I am getting tired of reading articles and posts and comments by people who say that Iran must want nukes because nukes can act as a deterrent to an invasion or attack by the United States, despite the fact that the Iranian officials themselves insist that nukes will only hurt rather than help their country's security.
The first problem is the "must want nukes" part of this claim. I have addressed this before:
Writing in the Boston Globe, a veteran Iran-watcher considers the question, "why does Iran want nuclear weapons?":
Far from being an irrational state seeking nuclear arms as a means of intimidating and invading its neighbors, Iran wants the bomb for the purpose of deterrence against a range of external actors, most notably today, the United States ... Washington's incendiary rhetoric and talk of military preparation only reinforce the cause of Iranian politicians who suggest the only manner of preserving Iran's territorial integrity and regime security is to acquire the "strategic weapons"
Note the built-in assumptions of this paragraph, which are never adequately justified: that Iran does indeed "want nuclear weapons" and that there are unidentified "Iranian politicians" who favour obtaining nukes.
However, those who claim that Iran lives in a dangerous neighbourhood and therefore must be seeking nuclear weapons as a deterrent are engaging in a logical fallacy known as "subverted support": they are attempting to explain a phenomenon when there is no evidence that the phenomenon exists in the first place.
In fact, if the Iranians wanted nukes (or the "option" of making nukes) then why did they make wide-ranging compromise offers that went far beyond their legal obligations and would have (if accepted) made it practically impossible for Iran to manufacture nukes in a hurry or in secret?
THe second problem is with the "can act as a deterrent" claim. Nuclear weapon CANNOT amount to a deterrent to invasions for countries such as Iran, because they cannot provide "mutually assured destruction" to the US since Iran does not have the technology or know-how to "win" or even significantly damage US in any nuclear exchange, without suffering catastrophic losses itself in retaliatory nuclear attacks. Here's the scenario: the US attacks Iran. Iran launches its only nuke that it somehow managed to make. The US turns Iran into a glass-encased glow-in-the-dark parking lot. What has Iran accomplished? Sure it wasn't "invaded" but so what? The last survivors would wish that they had been invaded!
Here's the scenario:
A US president says Iran must either fully accept some UN resolution or face severe consequences. Simultaneously hundreds of thousands of US troops are moved to Iraq or Armenia.
Iran's leadership says that a buildup of troops satisfies the NPT's requirement for a threat to Iranian interests sufficient to justify leaving the treaty.
In the time it will take to have the tanks, troops and support positioned, Iran may well have a nuclear weapon. If so, either the troops as they mass or if they invade may suffer thousands, maybe tens of thousands of losses in one event.
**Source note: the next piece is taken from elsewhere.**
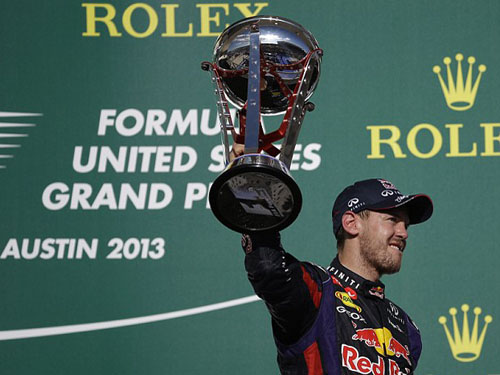 Vettel vượt kỷ lục của huyền thoại Schumacher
Yes, the US could retaliate. But can the US president sell to the US people tens of thousands of dead US soldiers for whatever the US is invading over? If an invasion is almost free, that's one thing. But if there will be a huge amount of US losses that changes the calculation of whether or not an invasion would be worth it.
Also, the US needs, in this scenario Iraqi or Armenian cooperation. The leaders of these countries, if Iran leaves the NPT, have a new calculation that an Iranian weapon could destroy bases used by US troops on their territory. If hosting US troops is free, that's one thing. But if their territory could be rendered useless that changes the calculation in another way. Now there's pressure on them to deny the US even the means to use their territory to attack.
Maybe the US would retaliate, but that doesn't help them just as it doesn't help the families of US troops who were being massed to invade Iran for some reason.
The ability to create a weapon does change the calculations.